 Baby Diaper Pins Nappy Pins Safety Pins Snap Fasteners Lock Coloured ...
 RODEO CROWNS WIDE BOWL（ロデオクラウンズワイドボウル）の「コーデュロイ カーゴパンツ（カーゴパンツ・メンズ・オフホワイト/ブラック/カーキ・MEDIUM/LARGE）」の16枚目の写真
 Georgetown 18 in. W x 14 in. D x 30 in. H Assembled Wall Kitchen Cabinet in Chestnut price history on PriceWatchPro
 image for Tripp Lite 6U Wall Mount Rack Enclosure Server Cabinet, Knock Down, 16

----------------------------------------

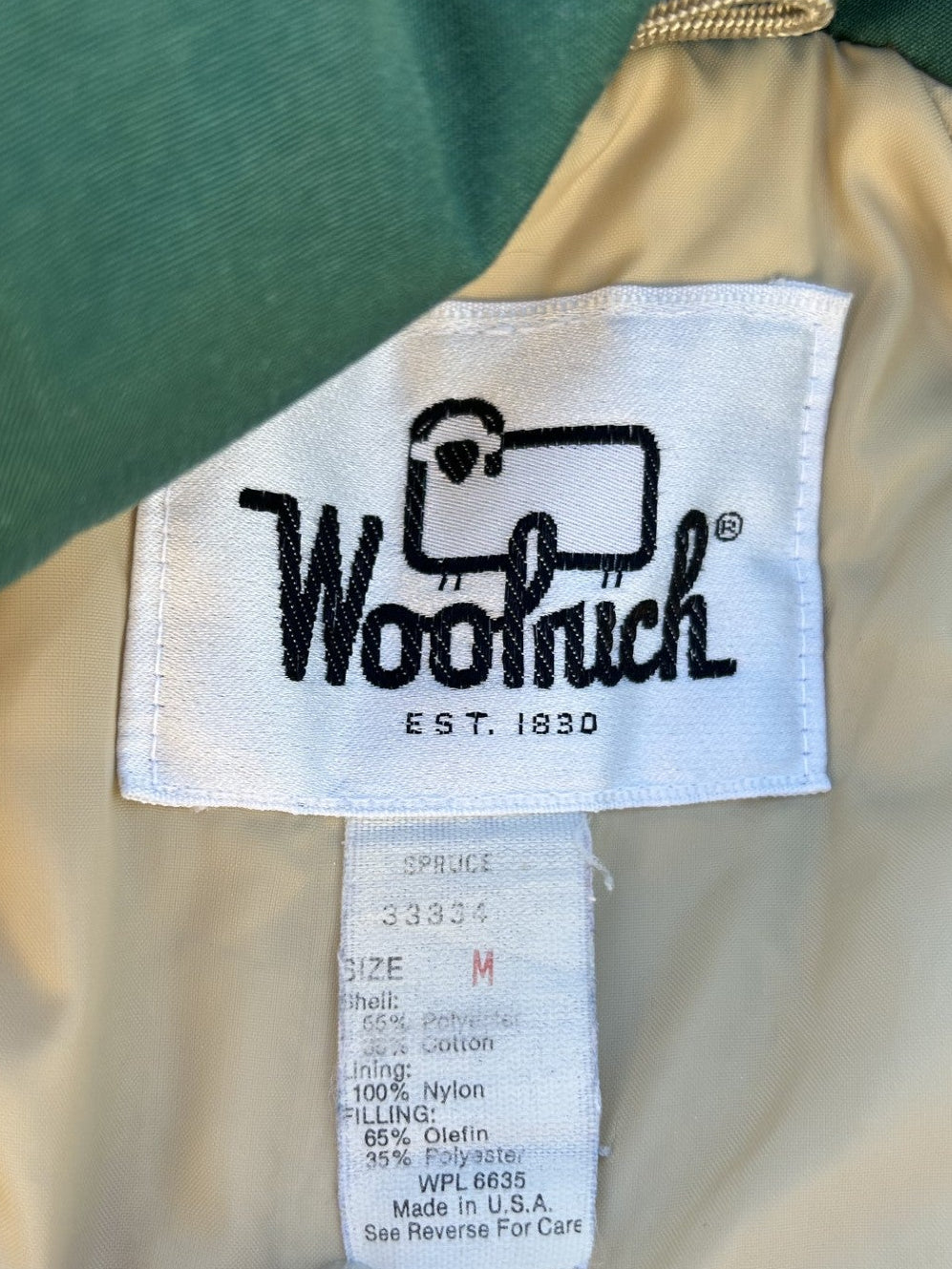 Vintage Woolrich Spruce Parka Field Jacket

----------------------------------------

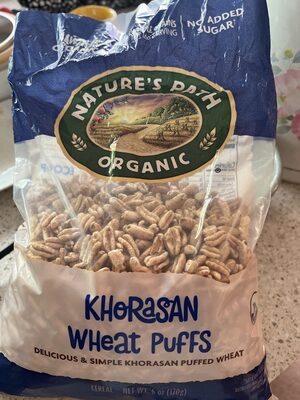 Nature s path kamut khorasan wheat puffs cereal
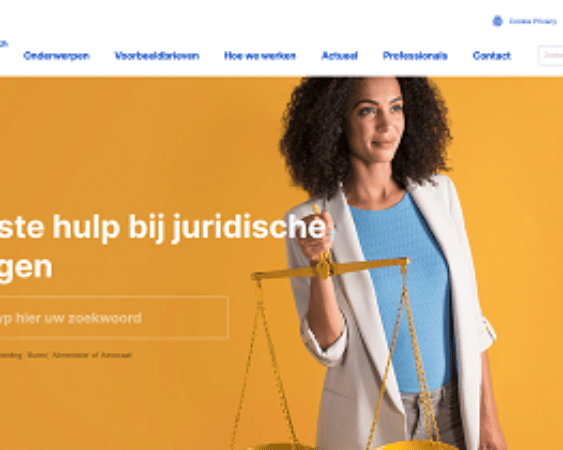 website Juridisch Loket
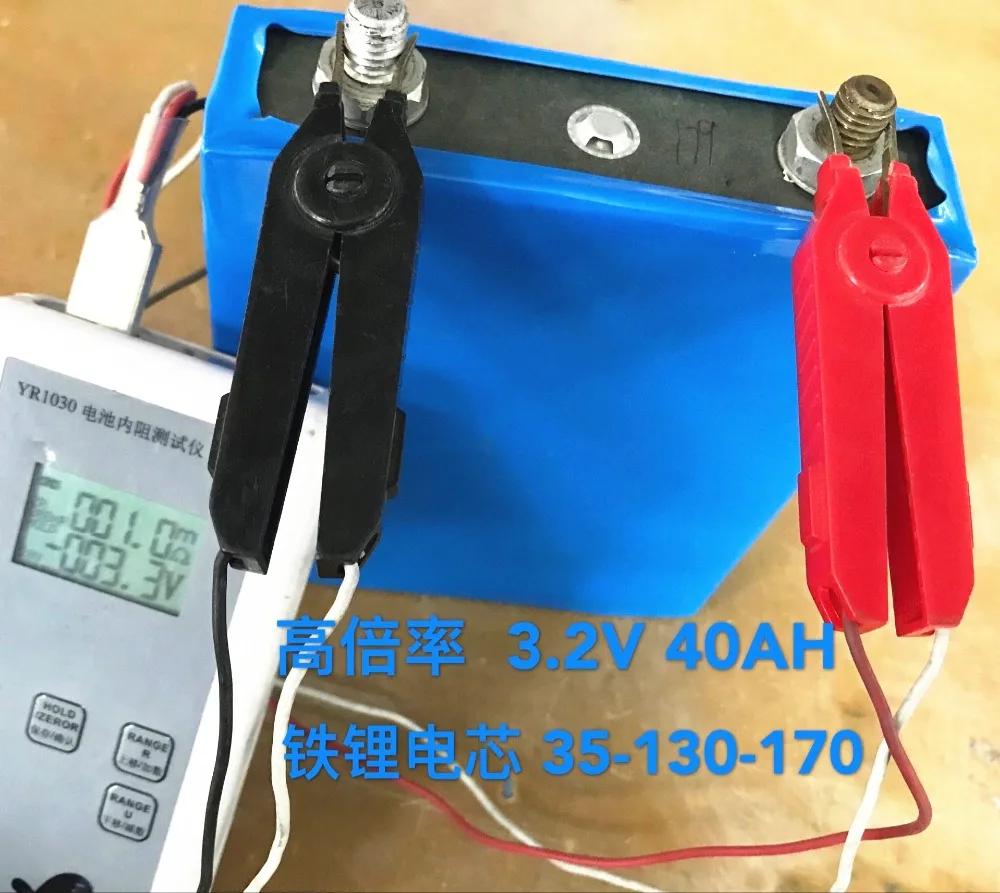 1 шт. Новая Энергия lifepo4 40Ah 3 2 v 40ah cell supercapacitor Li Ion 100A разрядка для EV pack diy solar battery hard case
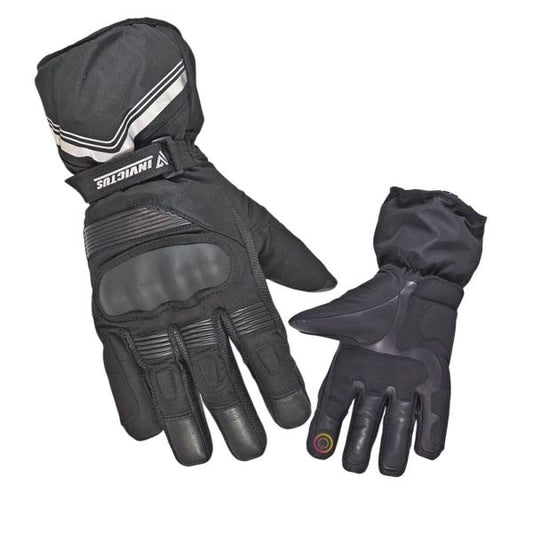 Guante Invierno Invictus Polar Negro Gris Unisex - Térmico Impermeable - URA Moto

----------------------------------------

Exercise brief =
Scan the lines above, and whenever one holds the string "Wall", copy it.

Problem solution =
 Georgetown 18 in. W x 14 in. D x 30 in. H Assembled Wall Kitchen Cabinet in Chestnut price history on PriceWatchPro
 image for Tripp Lite 6U Wall Mount Rack Enclosure Server Cabinet, Knock Down, 16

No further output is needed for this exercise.